Okay removing the config.json I advanced a little bit, but now I got another error when doing the .from_pretrained() call with from_flax=True. The error is:

/home/alejandro.vaca/miniconda3/envs/nlp_rl/lib/python3.9/site-packages/flax/core/frozen_dict.py:169: FutureWarning: jax.tree_util.register_keypaths is deprecated, and will be removed in a future release. Please use `register_pytree_with_keys()` instead.
  jax.tree_util.register_keypaths(
Traceback (most recent call last):
  File "<stdin>", line 1, in <module>
  File "/home/alejandro.vaca/miniconda3/envs/nlp_rl/lib/python3.9/site-packages/transformers/models/auto/auto_factory.py", line 446, in from_pretrained
    return model_class.from_pretrained(pretrained_model_name_or_path, *model_args, config=config, **kwargs)
  File "/home/alejandro.vaca/miniconda3/envs/nlp_rl/lib/python3.9/site-packages/transformers/modeling_utils.py", line 1870, in from_pretrained
    model = load_flax_checkpoint_in_pytorch_model(model, resolved_archive_file)
  File "/home/alejandro.vaca/miniconda3/envs/nlp_rl/lib/python3.9/site-packages/transformers/modeling_flax_pytorch_utils.py", line 174, in load_flax_checkpoint_in_pytorch_model
    flax_state_dict = from_bytes(flax_cls, state_f.read())
  File "/home/alejandro.vaca/miniconda3/envs/nlp_rl/lib/python3.9/site-packages/flax/serialization.py", line 425, in from_bytes
    state_dict = msgpack_restore(encoded_bytes)
  File "/home/alejandro.vaca/miniconda3/envs/nlp_rl/lib/python3.9/site-packages/flax/serialization.py", line 407, in msgpack_restore
    state_dict = msgpack.unpackb(
  File "msgpack/_unpacker.pyx", line 201, in msgpack._cmsgpack.unpackb
msgpack.exceptions.ExtraData: unpack(b) received extra data.
rajcscw commented 1 year ago

That would not work because each checkpoint is not just a language model but also has the trainer, alg states etc. If you just need the final model, there will be a folder named model, that is the path you need to pass it to from_pretrained()

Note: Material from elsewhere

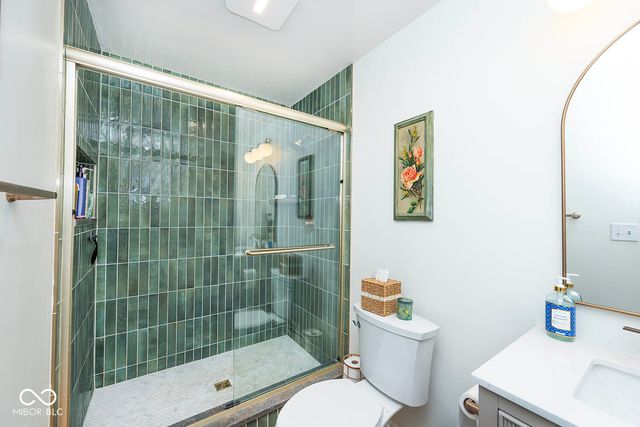 9201 Warwick Road, Indianapolis, IN 46240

But if your training is not finished and have only checkpoints, you can just run train_text_generation.py again by setting train_evaluation/n_iters=0 in the config and set the base_path_to_store_results, project name, experiment_name so that it loads the latest checkpoint correctly from base_path_to_store_results/project_name/experiment_name/checkpoints.

After this step, it should create a folder named model which you can pass it to from_pretrained()

avacaondata commented 1 year ago

Great that worked!! Thank you so much for helping me out !! @rajcscw :heart: We can close the issue.